The adjusted means of each genotype and one divided by the squared standard error as weighting factor were used to estimate the genetic variance components across environments (Möhring and Piepho 2009) with the following model:

$$y_{ijn} = \mu + a + l_{n} + p_{ij} + g^{\prime}_{i} + g^{\prime\prime}_{j} + s_{ij} + (pl)_{ijn} + (g^{\prime}l)_{in} + (g^{\prime\prime}l)_{jn} + (sl)_{ijn} + e_{ijn} ,$$

where y ijn is the phenotypic performance of the ijth entry (line i = j, or hybrid i ≠ j) at the nth environment, μ an intercept term, a the group effect for lines, hybrids and checks, l n the effect of the nth environment, p ij the genetic effect of the parental lines, \(g^{\prime}_{i}\) the GCA effect of the ith female line, \(g^{\prime\prime}_{j}\) the GCA effect of the jth male line, s ij the SCA effect of crosses between lines i and j, (pl) ijn the interaction effect of the ijth parental line with the nth environment, \((g^{\prime}l)_{in}\) and \((g^{\prime\prime}l)_{jn} ,\) are GCA × environment effects of female and male lines, (sl) ijn the SCA × environment interaction effect, and e ijn is the residual. Except group effects, all other effects were treated as random.

For the observation plots, statistical analysis was performed assuming that each environment corresponds to one replication (Payne 2006). Thus, the phenotypic data were analyzed with following linear model

$$y_{ijnm} = \mu + a + l_{n} + p_{ij} + g^{\prime}_{i} + g^{\prime\prime}_{j} + s_{ij} + (g^{\prime}l)_{in} + (g^{\prime\prime}l)_{jn} + b_{mn} + e_{ijnm} ,$$

where y ijnm is the phenotypic performance of the ijth entry (line i = j, or hybrid i ≠ j) in the mth incomplete block at the nth environment, μ an intercept term, a the group effect for lines, hybrids and checks, l n the effect of the nth environment, p ij the genetic effect of the parental lines, \(g^{\prime}_{i}\) the GCA effect of the ith female line, \(g^{\prime\prime}_{j}\) the GCA effect of the jth male line, s ij the SCA effect of crosses between lines i and j, \((g^{\prime}l)_{in}\) and \((g^{\prime\prime}l)_{jn} ,\) are GCA × environment interaction effects of female and male lines, respectively, and e ijnm is the residual confounded with SCA × environment interaction effects. Except group effects, all other effects were treated as random.

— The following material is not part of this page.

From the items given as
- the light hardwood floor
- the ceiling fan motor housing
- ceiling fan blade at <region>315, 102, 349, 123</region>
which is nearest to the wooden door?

Significance of the variance components was tested by model comparison with likelihood ratio tests, where the halved P values were used as approximation (Stram and Lee 1994). In addition, we assumed fixed genetic effects and estimated the best linear unbiased estimates (BLUEs) of the 1,749 genotypes. Pair-wise Pearson’s correlation coefficients (r) were calculated among the traits for parental lines and F1 hybrids, and their significance was tested using tabulated values based on Fisher z transformation (Fisher 1921). Broad-sense heritability on an entry-mean basis was calculated as the ratio of genotypic to phenotypic variance, \(h^{2} = \sigma_{\text{G}}^{2} /\left( {\sigma_{\text{G}}^{2} + \sigma_{{{\text{G}} \times {\text{E}}}}^{2} /l + \sigma_{e}^{2} /lr} \right)\), where \(\sigma_{\text{G}}^{2}\) and \(\sigma_{{{\text{G}} \times {\text{E}}}}^{2}\) refer to the total genotypic variance of hybrids (or lines) and their interaction with environments, respectively, l to the number of environments, r to the average number of replications and \(\sigma_{e}^{2}\) to residual variance. For the observation plots, \(\sigma_{{{\text{G}} \times {\text{E}}}}^{2}\) is confounded with \(\sigma_{e}^{2}\).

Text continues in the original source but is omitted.